Task. In the data below, begin at the line with "Kitchen or kitchenette, Garden view" and stop after the line with "House of Gord16"; output those lines exactly and no pictures.

Supplied entries.
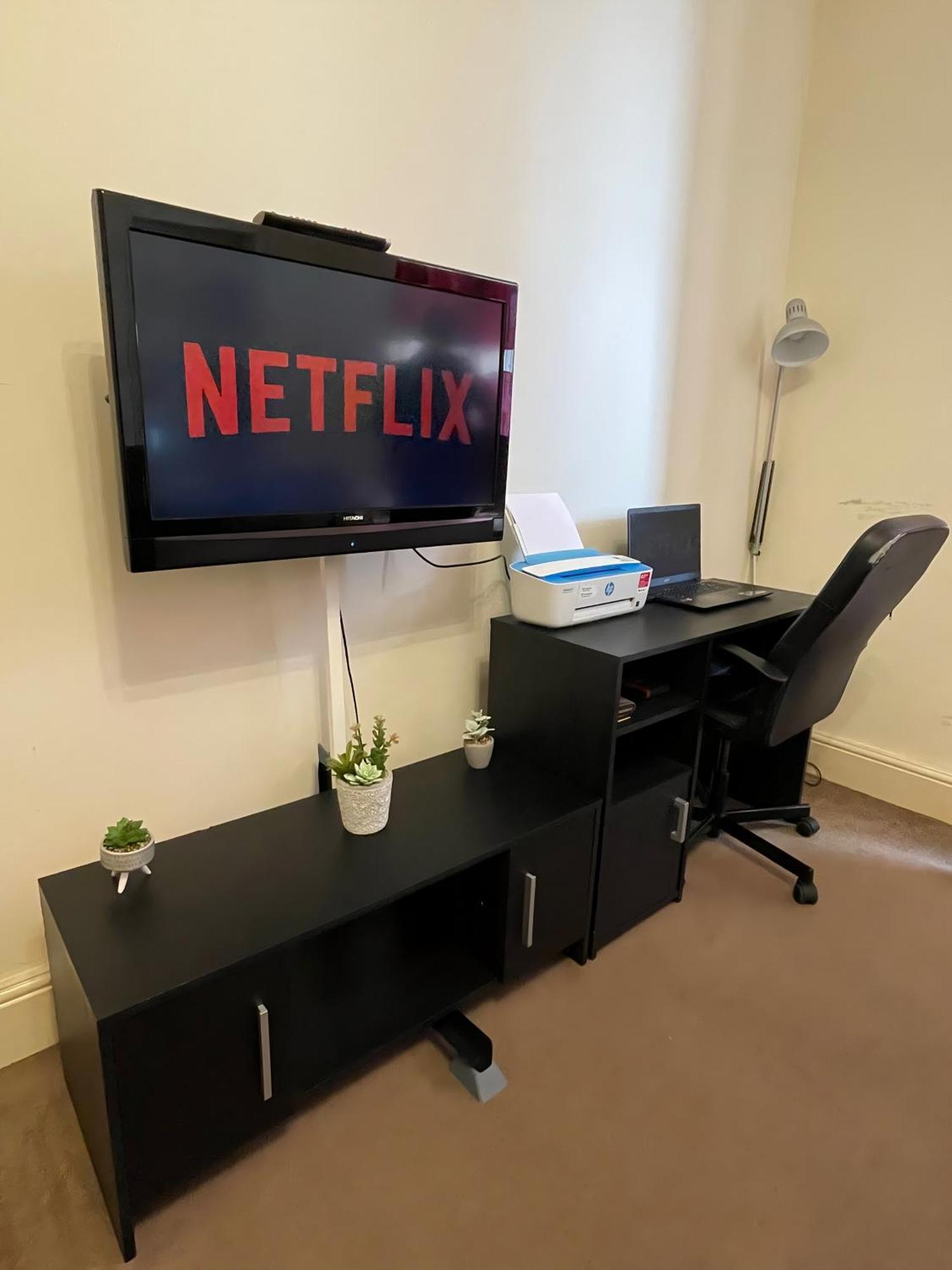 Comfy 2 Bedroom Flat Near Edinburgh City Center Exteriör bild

...

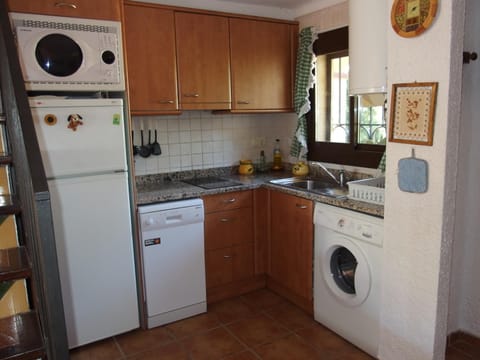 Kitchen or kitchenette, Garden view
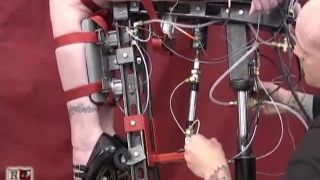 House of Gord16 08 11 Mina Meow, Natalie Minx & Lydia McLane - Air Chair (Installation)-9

Answer space.
 Kitchen or kitchenette, Garden view
 House of Gord16 08 11 Mina Meow, Natalie Minx & Lydia McLane - Air Chair (Installation)-9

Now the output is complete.